Nothing kills a movie like a funeral. Not always, of course. The march to the cemetery in John Ford’s The Sun Shines Bright (1953) is a folkloric triumph. The occasion in Abel Ferrara’s The Funeral (1996) serves as a rich background. But a funeral that exists mostly to increase a bathos quotient can bring a movie to a sudden halt. And movies are like sharks: If they stop moving, they die.
That’s a lesson the only lesson to be drawn from The 5th Quarter, a 2009 effort just now making its way to theaters. The movie’s basis is a true story about the 2006 Wake Forest University football team, which upended all expectations to win its conference. According to the movie, much of the credit goes to a player whose younger brother, a high schooler, died in a car crash and who dedicated the football season to his brother’s memory. His teammates were thus inspired to perhaps play above their talents; the rest is collegiate sports history.

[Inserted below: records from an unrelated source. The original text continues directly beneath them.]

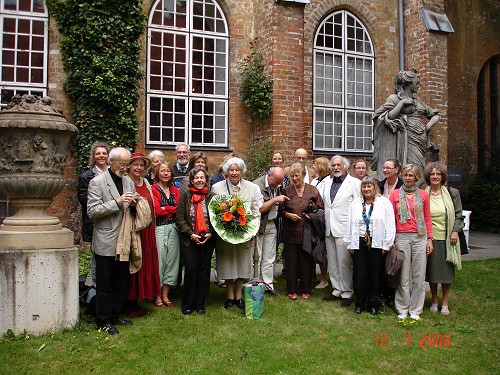 NGAT Sommerfest 2008: Gruppenbild mit Dame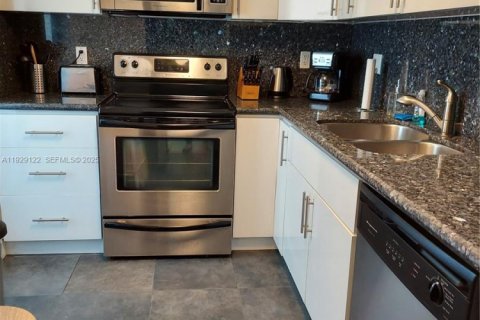 Condo in Hallandale Beach, Florida, 1 bedroom  № 1987470 - photo 26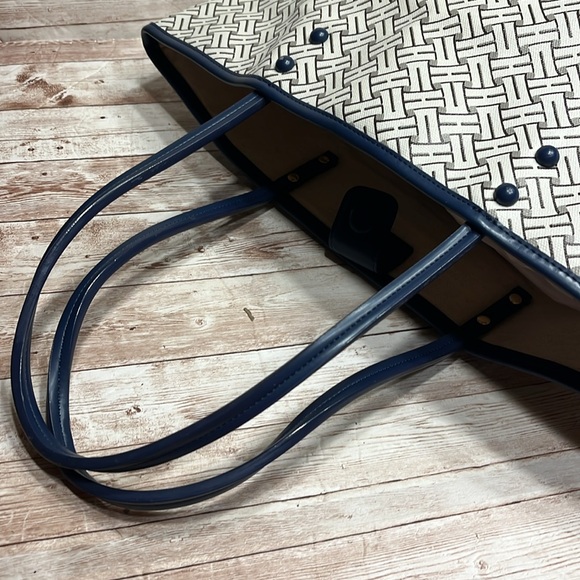 Cole Haan Large Ivory Tote - Picture 8 of 12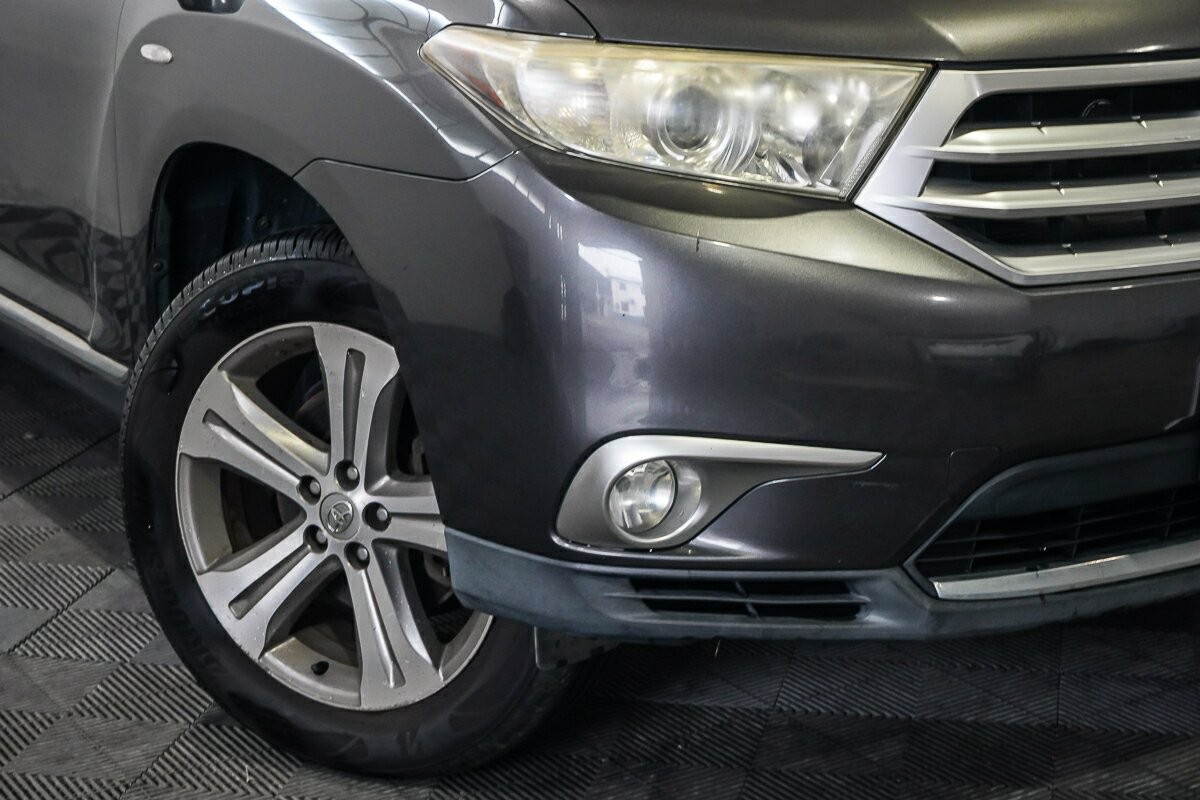 Toyota Kluger image 2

The movie’s opening 25 minutes are given over to, first, establishing absolutely and beyond any shadow of a doubt, that the fatal car crash was not the hero’s brother’s fault, no way, uh-uh. After that, Aidan Quinn, who plays the victim’s father, turns his considerable talents towards producing a hysterical, rafter-shaking depiction of grief. If nothing else, it lends the movie a ot of energy.
Then comes the funeral: Solemn remembrance, moist eyes, hierarchy (God’s will, etc.) reestablished. It takes a while. Writer-director Rick Bieber has trouble unifying space. Emotion contracts. Conflict vanishes. The movie sinks like a sub.
That’s about all there is to talk about. The rest is all television on a movie screen.